Only the opening and closing passages of Heretic are based on real history. The plague happened, as did the siege and capture of Calais, but everything in between is fictional. There is no town of Berat, nor a bastide called Castillon d'Arbizon. There is an Astarac, but whatever was built there now lies under the waters of a great reservoir. The fight which begins the book, the capture of Nifulay and its tower, did happen, but the victory gained the French no advantage for they were unable to cross the River Ham and engage the main English army. So the French withdrew, Calais fell and the port remained in English hands for another three centuries. The story of the six burghers of Calais being condemned to death, then reprieved, is well known and Rodin's statue of the six, in front of the town's hall, commemorates the event.
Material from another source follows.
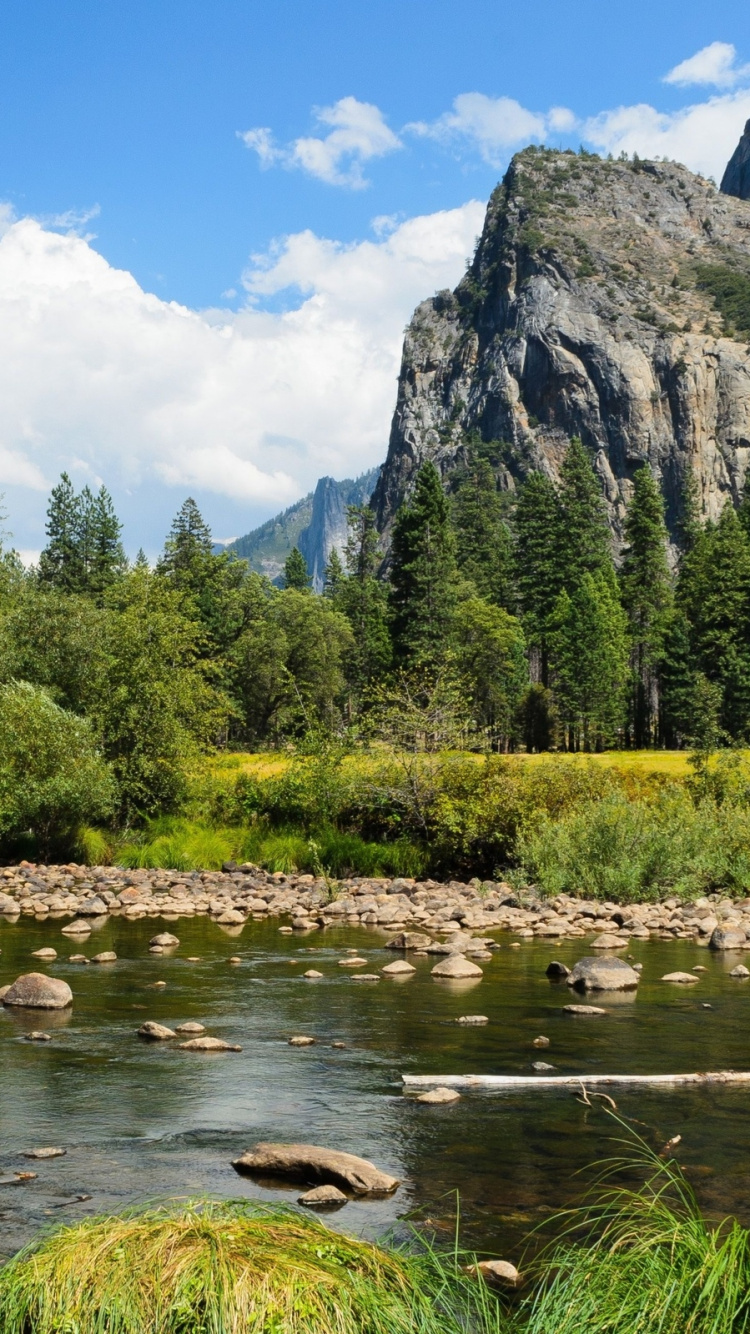 Green Trees Near Lake and Mountain During Daytime. Wallpaper in 750x1334 Resolution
Thomas's language difficulties in Gascony were real enough. The aristocracy there, as in England, used French, but the common folk had a variety of local languages, chiefly Occitan, from which the modern Languedoc comes. Languedoc simply means the language of oc', because oc was the word for yes, and it is closely related to Catalan, the language spoken just across the Pyrenees in northern Spain. The French, conquering the territory to their south, tried to suppress the language, but it is still spoken and is now enjoying something of a revival.
As for the Grail? Long gone, I suspect. Some say it was the cup Christ used at the Last Supper, and others that it was the bowl used to catch his blood from the dolorous blow', the lance wound given to his side during the crucifixion. Whatever it was, it has never been found, though rumours persist and some say it is hidden in Scotland. It was, nevertheless, the most prized relic of medieval Christendom, perhaps because it was so mysterious, or else because, when the Arthurian tales received their final form, all the old Celtic tales of magic cauldrons became confused with the Grail. It has also been a golden thread through centuries of stories, and will go on being that, which is why it is probably best if it remains undiscovered.